Or maybe we're going to go extinct real soon now, because we lack ability to reflect like this, and consequently didn't have couple thousands years to develop effective theory of mind for FAI before we make the hardware.
Having the ability to design and understand AI for a couple of thousand of years but somehow the inability to actually implement it sounds just about perfect. If only!
That is one idea for hacking friendliness: "Become the AI we would make if there were no existential threats and we didn't have the hardware to implement it for a few thousand years, and flaming letters appeared on the moon saying 'thou shall focus on designing Frienly AI' "
Havn't bothered typing it out before because it falls in the reference class of trying to cheat on FAI, wich is always a bad idea, but it seemed relevant here.
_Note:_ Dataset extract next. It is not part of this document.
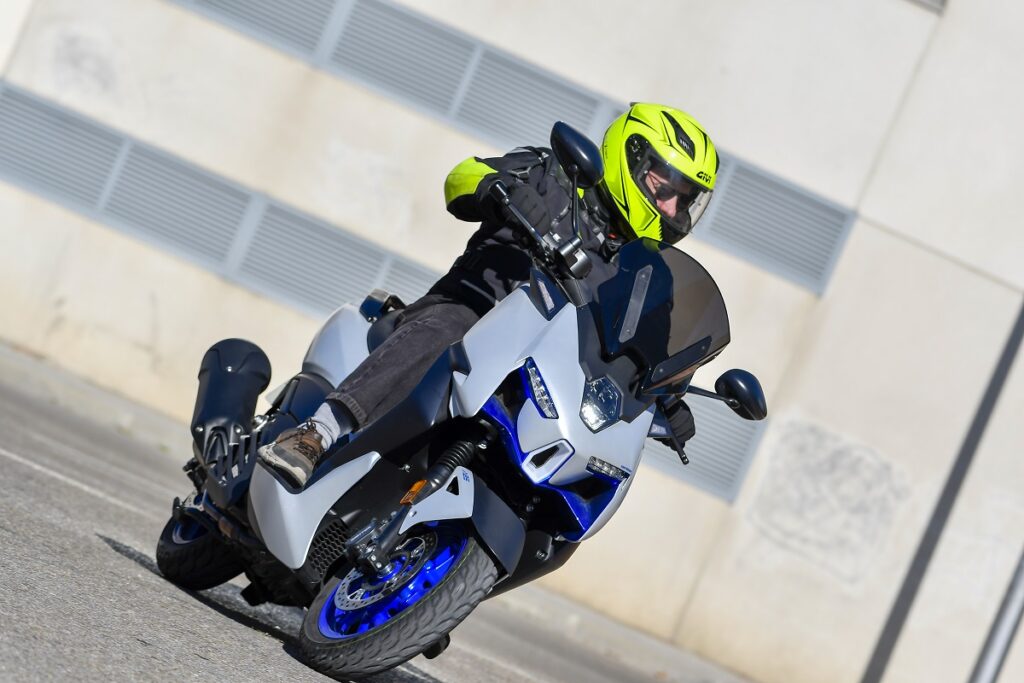 Prueba scooter Zontes M125: De todo, por poco, para casi todos 17 Zontes M125 accion tres cuartos derecha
Are there any essays anywhere that go in depth about scenarios where AIs become somewhat recursive/general in that they can write functioning code to solve diverse problems, but the AI reflection problem remains unsolved and thus limits the depth of recursion attainable by the AIs? Let's provisionally call such general but reflection-limited AIs semi-general AIs, or SGAIs. SGAIs might be of roughly smart-animal-level intelligence, e.g. have rudimentary communication/negotiation abilities and some level of ability to formulate narrowish plans of the sort that don't leave them susceptible to Pascalian self-destruction or wireheading or the like.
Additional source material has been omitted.